2. Нормы права дают должностному лицу возможность выбирать между различными вариантами поведения по своему усмотрению.
3. Нормы права, регулирующие поведение должностного лица, отсутствуют, позволяя ему тем самым вести себя по своему усмотрению. Данный случай тесно связан со второй группой коррупциогенных норм. «Демаркационная линия» разделяет случаи предоставления дискреционных полномочий из благих побуждений (например, относительно определенные альтернативные санкции в административном процессе), и ошибки в нормотворческом процессе, допускающие пробелы права. Данный фактор коррупциогенности будет рассмотрен на примере конфликта интересов в российском законодательстве.
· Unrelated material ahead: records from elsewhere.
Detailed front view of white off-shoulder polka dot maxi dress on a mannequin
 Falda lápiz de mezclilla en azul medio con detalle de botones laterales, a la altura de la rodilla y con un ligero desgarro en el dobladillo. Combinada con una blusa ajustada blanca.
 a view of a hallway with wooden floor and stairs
4. Нормы права наделяют должностное лицо либо ведомство правом разрабатывать и принимать нормативные акты. В данной категории рассматривается частный случай «присвоения государства» (state capture). Вообще, присвоение государства представляет из себя покупку процесса нормотворчества (осуществляемого как законодательной, так и исполнительной властью) заинтересованными лицами. Административные органы «захвачены» в том случае, если они регулируют общественные отношения в узкогрупповых интересах. Концепт «присвоения государства» интересует нас постольку, поскольку закон предусматривает возможность (подчас оформляя её многочисленными отсылочными нормами) «покупки» процесса ведомственного нормотворчества.
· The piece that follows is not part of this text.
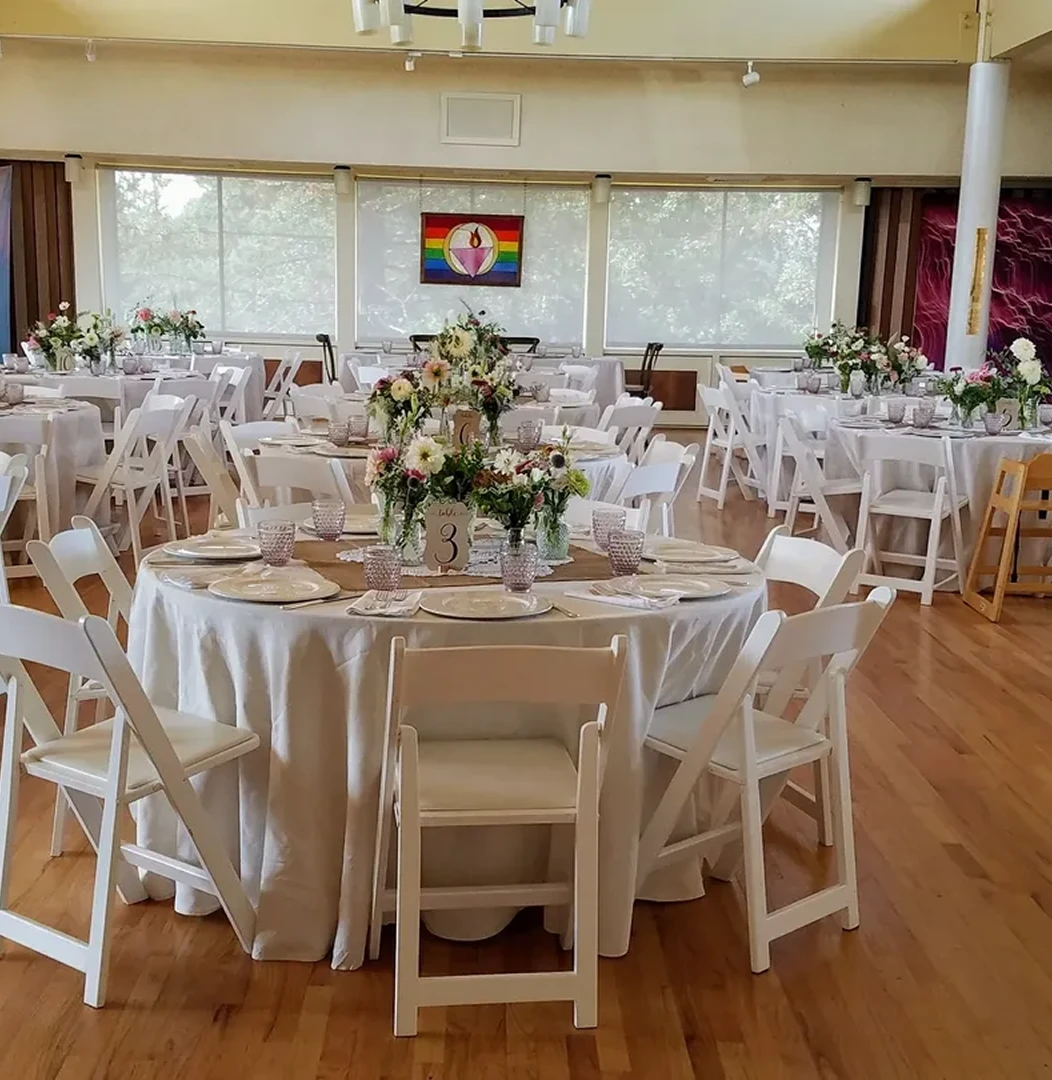 Elegant wedding reception with floral centerpieces.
Ниже каждая группа будет рассмотрена более подробно.
2. Завышенные требования нормы права как коррупциогенный фактор
При анализе завышенных требований закона мы будем отталкиваться от следующего набора предположений:
Предположение 1.
Любая норма права накладывает на индивида некие потери (издержки, обременения, ограничения), связанные с подчинением норме права.
Предположение 2.
Чем выше потери, которые связаны с подчинением норме права, тем больше вероятность того, что индивид заплатит за возможность не соблюдать норму права или уменьшение потерь.
Вывод из предположений 1 и 2:
Любой закон коррупциогенен, так как он накладывает на индивида либо сообщество индивидов некие потери, связанные с подчинением норме права[10].
Из этих предположений очевидно, что для анализа коррупциогенности необходимо разобраться с понятием правового ограничения, которое налагается на индивида. Английский исследователь Jowell связывает понятие правовых ограничений с несовершенством закона. По его мнению «мы должны помнить о том, что сами по себе нормы могут иметь различное содержание. Защитники правил ради правил подчас предполагают, что все правила – это хорошие правила. И действительно, если правила задуманы с тем, чтобы противодействовать недолжному и произвольному поведению, они, может быть, и правы. Однако правила могут навязывать некие ограничения, например, требуя исключения социально незащищенного индивида (безработной женщины) из списков на получение социальной помощи вследствие того, что она проживает совместно с мужчиной… Следовательно, правила могут предполагать нерациональное легалистичное поведение, при котором точность исполнения нормы никак не связана и целями организации»[11].